Likely your opponent will try a standard double leg takedown, or some ugly variation thereof. This gives you two options: take them down first, or wait till they try to take you down and counter. If you have any skill at wrestling, go for a take down. Remember, hard and fast, with no warning (just like with your woman).
Don’t half-ass a takedown. It’s all or nothing. If you get stuck down there he will pound your face in. Drop to a knee and drive through him hard. Pick him up or turn him 90 degrees to the ground. Most people screw up takedowns cause they don’t drive through when the guys sprawls out on them. Go balls to the walls, like everything else in a fight.
If he goes for the takedown first you have two options.
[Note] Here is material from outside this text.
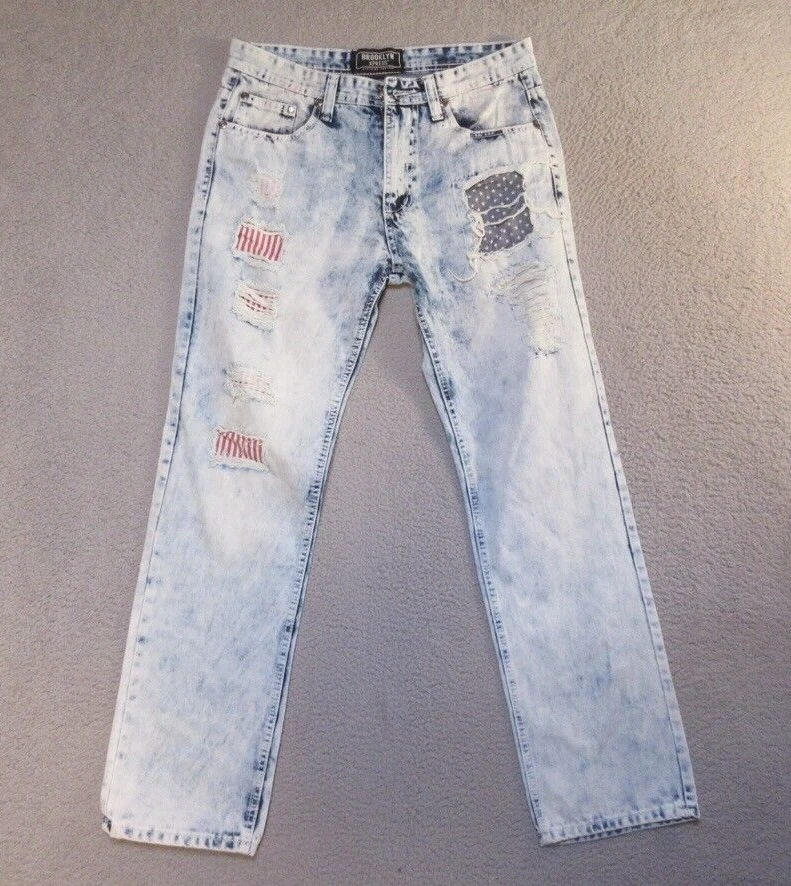 Pantalones de mezclilla Brooklyn Xpress 34x32 para hombre Y2K lavado con ácido aplastado destruido real 33x31 Foto 3 de 4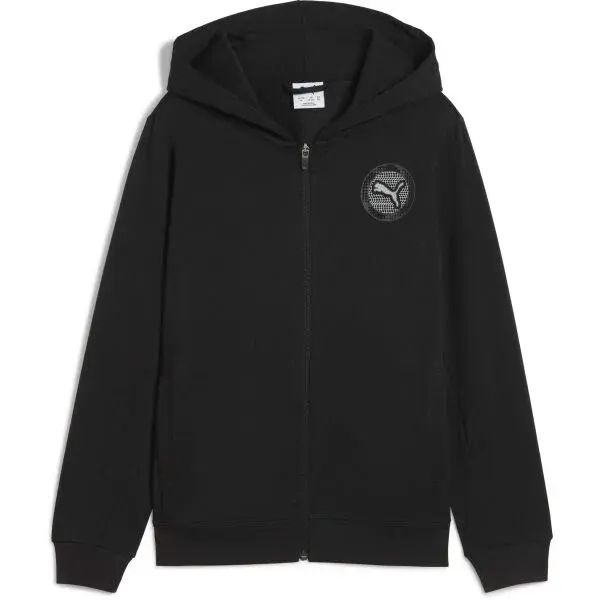 Puma ACTIVE SPORTS GRAPHIC FULL-ZIP HOODIE TR B Chlapecká mikina, černá, velikost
You can sprawl out and beat his head in from your feet while he is on his knees, or you can try and turn him and get on top of him. Since my experience is more in grappling, I usually go for the turn.
This move is called a pancake, and if you’ve never heard of it, you should look it up and practice it at home with your buddies, so that it will come naturally when someone tries to take you down. Same with the sprawl. They are important tools to have. If you’re successful with the pancake you will end up on top of them. Get your legs around them above their hips and beat their face in.
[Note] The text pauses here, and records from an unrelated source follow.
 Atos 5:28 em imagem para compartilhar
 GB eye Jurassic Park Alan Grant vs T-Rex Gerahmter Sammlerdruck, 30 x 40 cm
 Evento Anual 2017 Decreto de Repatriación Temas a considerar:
7. Pay attention to your opponent and your surroundings.
If you know your opponent is a professional boxer, don’t try to outbox him. Try to take him down. If you know your opponent is an all-state wrestler, stay on your feet and don’t let him get too close. Scope your surroundings. Fights are won and lost by people losing footing or tripping over something.
Look out for couches, puddles, cars, etc. Pay attention to the shoes you are wearing. If you are fighting in sandals maybe it would be better to take them off and go barefooted. Having scraped feet is better than having a swollen face because you tripped in your floppy ass Rainbows.
A Few Notes:
On Weapons:
Someone may have one, keep your eyes open. This is the risk you take when you fight people. Most people don’t like losing fights and want an edge. Fights can get taken way too far, way too fast when weapons get involved. A fist fight may get you sued or community service. A knife will get you years in prison in for a first time offense. Act accordingly.
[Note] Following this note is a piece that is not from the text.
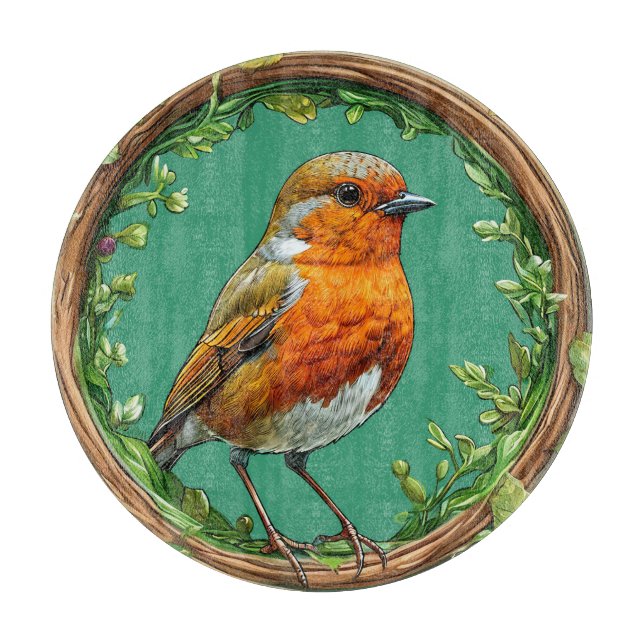 Planche À Découper Oiseau encadré par des fleurs vibrantes (Devant)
It’s tempting to use beer bottles across the head, but beware. Beer bottles can FUCK someone up. I once saw a kid get his eyeball knocked out from a beer bottle across the head. Don’t let it happen to you, and don’t do it to someone else unless you are ready to pay the potential consequences.
On Fighting More Than One Person:
Most likely a losing battle.
STAY ON YOUR FEET. Only so much damage can happen to you while you are on your feet. If you drop down, they will kick you until they decide to stop, which could be after permanent brain damage or death. Most people deep down are pussies and will hang back and let someone else lead the attack. If you are in a ball on the ground you aren’t a threat you are open season for even the biggest pussy to attack.
A guy on his feet swinging at anything within reach is a threat, and can make people hesitant.
DON’T GET CORNERED. Keep them all in front of you in one direction if you can. Back off till they come at you, then hit the closest guy as hard as you can. Continue backing out and hitting someone, backing out and hitting someone.
Don’t let them all attack you at once or you are through. If they rush you all at once, try to hit through the outside guy and circle till they are in front of you again.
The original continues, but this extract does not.